Je saurai que mon père est venu. J’apprendrai que les gendarmes sont venus pour me questionner. Je dors. Mon père s'oppose à eux et leur demande de revenir. Plus tard. Les gendarmes ? C'est ma mère qui les a appelés sur conseil d'un fidèle client de la graineterie à qui elle s'est confiée l'après midi même. Elle est bouleversée, cette mère dont la fille a tenté de se suicider, la faute à la drogue évidemment, les mauvaises fréquentations… Elle répandra cette légende, taisant la violence qu’elle m’a fait subir. Il me faudra plusieurs décennies pour comprendre qu’elle avait construit ma réputation avec soin.
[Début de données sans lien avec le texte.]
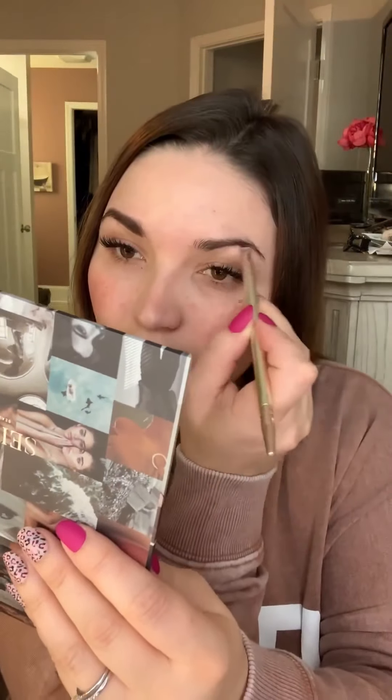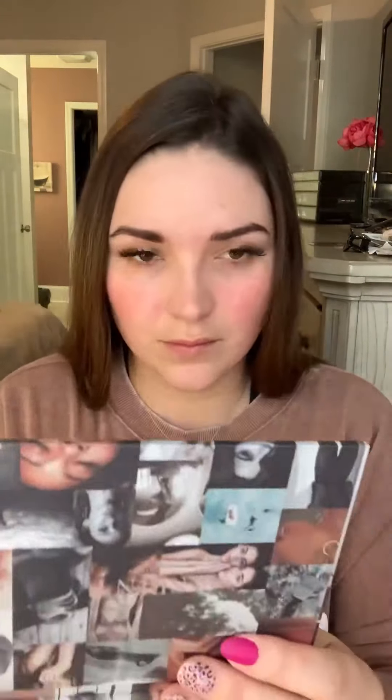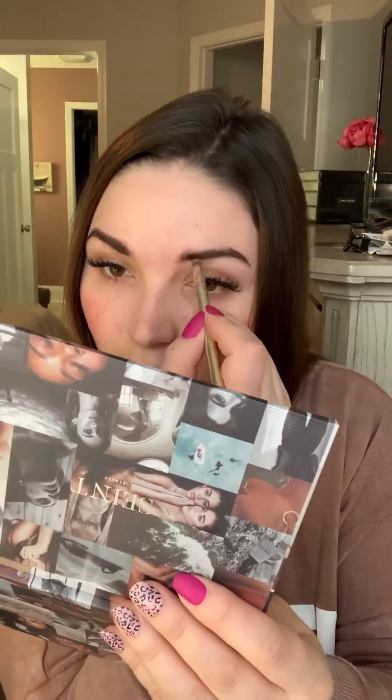This color is Arabian Nights. It's actually a cream eyeshadow and I've been using this almost religiously lately to fill in my brows. Give it a try for pretty much any hair color — it works really well. I've seen it look great on blondes as well.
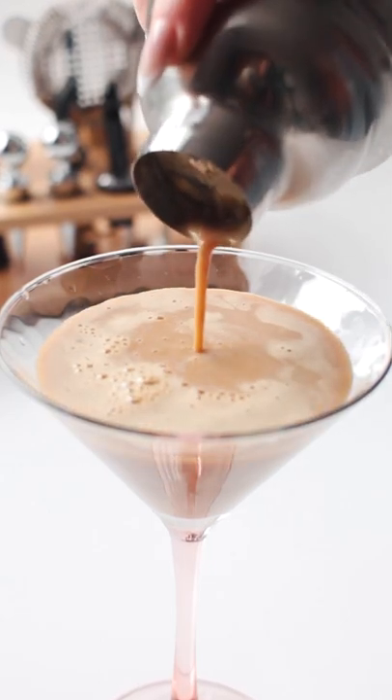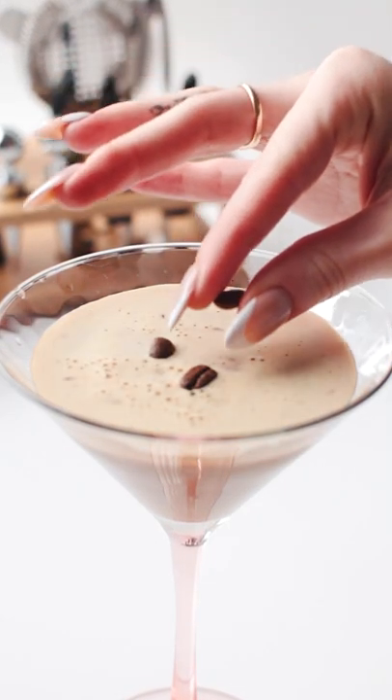Five o'clock cannot come soon enough. Garnish with three coffee beans and enjoy.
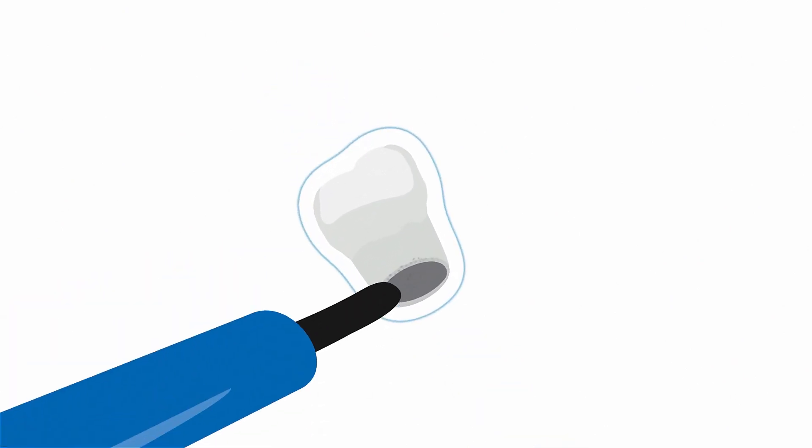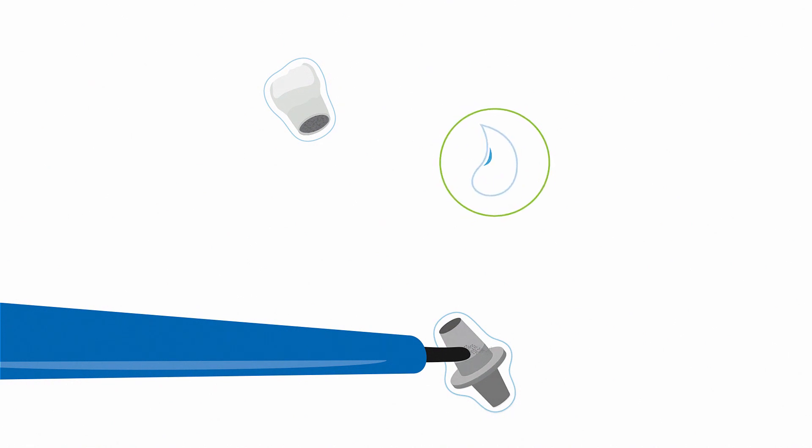To get the most durable implant abutment cementation, you definitely need to roughen the surface first. Therefore, you sandblast with low pressure, then rinse and dry both surfaces.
Le réveil dans la chambre d’hôpital est un choc. Mon regard se confronte à la réalité des murs blancs et des barreaux métalliques du lit avec une brutalité extrême. Suis je morte ? A peine prends-je conscience que j’ai raté mon suicide que surgit une escouade de blouses blanches menée par ce qui semble être le patron. Il émane de lui l’autorité du chef et puis un rien de moqueur aussi, à peine mais perceptible. Un givre se dépose autour du lit et je constate que cette fraicheur soudaine s’est transmise au groupe d’internes, à l’exception d’une femme, une seule qui reste présente à moi et dont le regard singulier est humain alors que ses collègues se sont tous soudainement rétractés dans une bulle qui fait masse autour du neurologue chef de service. Mes radars fonctionnent encore, merci. Alors que les internes sont figés au pied du lit, dans une posture mi sévère - mi curieuse, lui, le patron, me jette : " Alors !?" Un mot. Un seul. Comme un pavé. Pas davantage. « Alors !? » Malgré mon épuisement, je crois bien qu’il arrive à me surprendre. Stupéfiée, je parviens à répondre : "Quand je sortirai, je recommencerai". Alors, l’homme de l’art médical se tourne vers l’infirmière et dicte : " Transfert en psychiatrie cet après-midi ".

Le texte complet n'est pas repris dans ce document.